The BeagleBone Black board is shown in the following image:
BeagleBone Black was released in April 2013. It arrived with more processor speed, more RAM, onboard storage and Micro HDMI connectivity for a lesser price than BBW. BeagleBone Black was very cost-effective and became a huge success. It ranked second consecutively for 2014 and 2015 in a survey of the most popular single board computers conducted by Linux gizmos. BeagleBone Black does not have JTAG access via USB like BBW. You can get serial access via a USB port by help of USB-serial driver in BeagleBone Black only after the board boots. It has a serial pins header. A special USB-serial cable is needed to get serial access via this header to get boot time serial access. Like BBW, single MiniUSB cable from the PC is sufficient to give power to BBB, access to storage of BBB and network-over-USB capabilities for communication. For more information about BeagleBone Black, visit the following links:
Because BeagleBone is an open-source hardware design, anyone can modify design and create a BeagleBone clone (similar to Arduino). BeagleBone Green is a modified version of BeagleBone Black released in October 2015 by SeeedStudio. BeagleBone Green is even cheaper than BeagleBone Black. They removed the Micro HDMI and DC barrel jack. They replaced MiniUSB port with a more common Micro USB port. Internally they are just the same. Two grove connectors are included, which makes it easier to connect a large family of grove sensors and grove modules. For more information about BeagleBone Green, visit the following links:
Now that we know about our hardware, let's install OS. BeagleBone Black and BeagleBone Green come preinstalled with Debian Linux on emmc storage. BeagleBone also supports booting from OS on an SD card. We can use a Linux setup on emmc for exercises in this book. But it is always better to install OS on SD card and boot from it. In case of wrong configuration or unexpected problems, we can install Debian image and start hacking again. Also, it is easier to copy-paste files on an SD card to and from a PC.

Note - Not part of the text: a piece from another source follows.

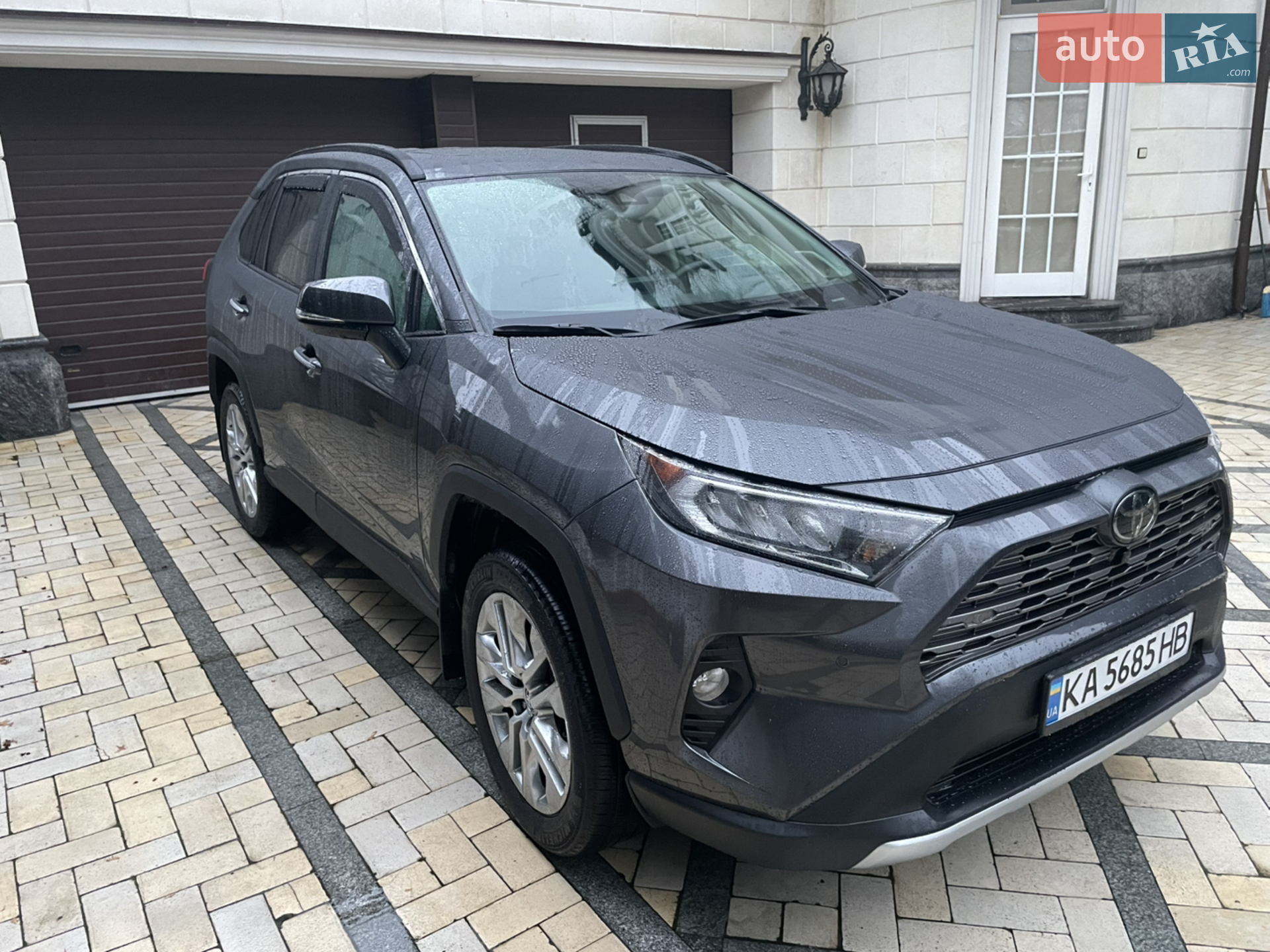 Toyota RAV4, 2019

The BeagleBone wiki page has a list of OS known to be working on BeagleBone: http://elinux.org/BeagleBone_Operating_Systems. It includes Android, Ubuntu, Angstrom, Minix, WinCE, and so on. Officially Linux distribution Debian is supported. All exercises in this book are tested on a wheezy 7.9 Debian image provided by beagleboard.org. Still there should be no problem running these exercises on other Debian versions. Debian is a popular Linux distribution in the embedded world. It is one of the oldest and largest Linux distributions. There are more than 100 Linux distributions derived from Debian. Debian's stable branch is known to be one of the best-tested and most bug-free distribution. There are many cases of machines that run for over a year without rebooting. This is important for unattended embedded systems. Debian has thousands of installable packages. It uses APT (Advanced Package Tool) using deb packages. You can get more information about Debian on http://debian.org.

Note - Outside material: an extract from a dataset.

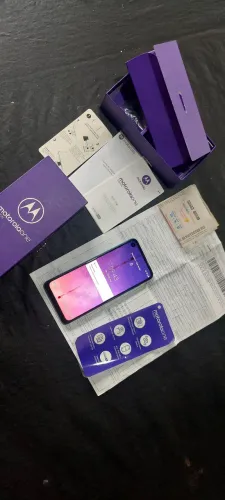 Motorola One Vision 128g (detalhe)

When you connect the BeagleBone to PC using a USB-to-MiniUSB cable (Micro USB for BeagleBone Green), it gets detected as flash drive providing you with a local copy of the documentation and drivers. When it autoruns, you see the browser opened with the page Getting Started. If it does not run automatically, you can manually open the file START.htm or the README.htm file inside the BeagleBone flash drive. This HTML page has a link to "update to latest software" on the left. It provides you with a step-by-step procedure with screenshots to install the latest prebuilt Debian image on the SD card. An online version of this webpage is available at: http://beagleboard.org/getting-started#update.
Here are the important steps to install the latest Debian image on the BeagleBone:
Latest supported images of all BeagleBoards are available at http://beagleboard.org/latest-images. Download a Debian image for BeagleBone on your PC. The same image works on BeagleBone White, Black and Green.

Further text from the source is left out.